Data block:

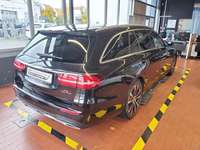 Náhled zezadu zprava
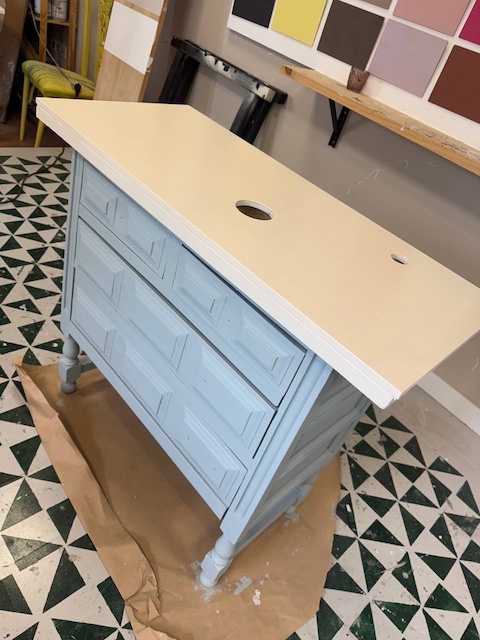 ¿Te atreves a transformar una cómoda en un mueble de lavabo? 24 Transformar una cómoda en un mueble de lavabo: tapa con imprimación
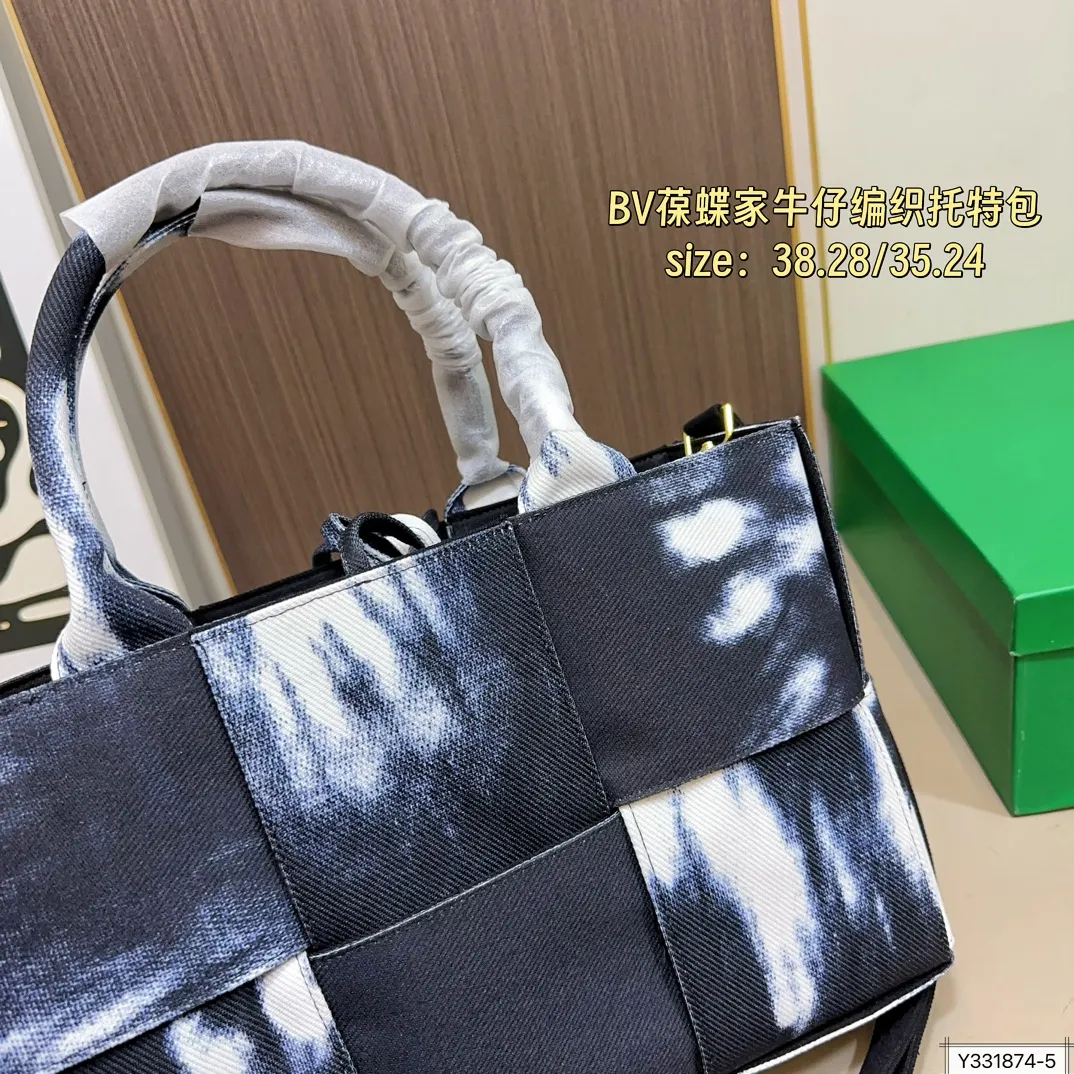 大号💰190 小号💰185 配盒 尺寸38×28/35×24 BV 葆蝶家 明星同款牛仔编织托特包 每只包都拥有独特的魅力 衬托出整体的高级质感。众多明星上身,多种背法多种造型。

About this exercise: Leave the pictures out and output the rest of the data word for word.

Your solution:
 Náhled zezadu zprava
 ¿Te atreves a transformar una cómoda en un mueble de lavabo? 24 Transformar una cómoda en un mueble de lavabo: tapa con imprimación
 大号💰190 小号💰185 配盒 尺寸38×28/35×24 BV 葆蝶家 明星同款牛仔编织托特包 每只包都拥有独特的魅力 衬托出整体的高级质感。众多明星上身,多种背法多种造型。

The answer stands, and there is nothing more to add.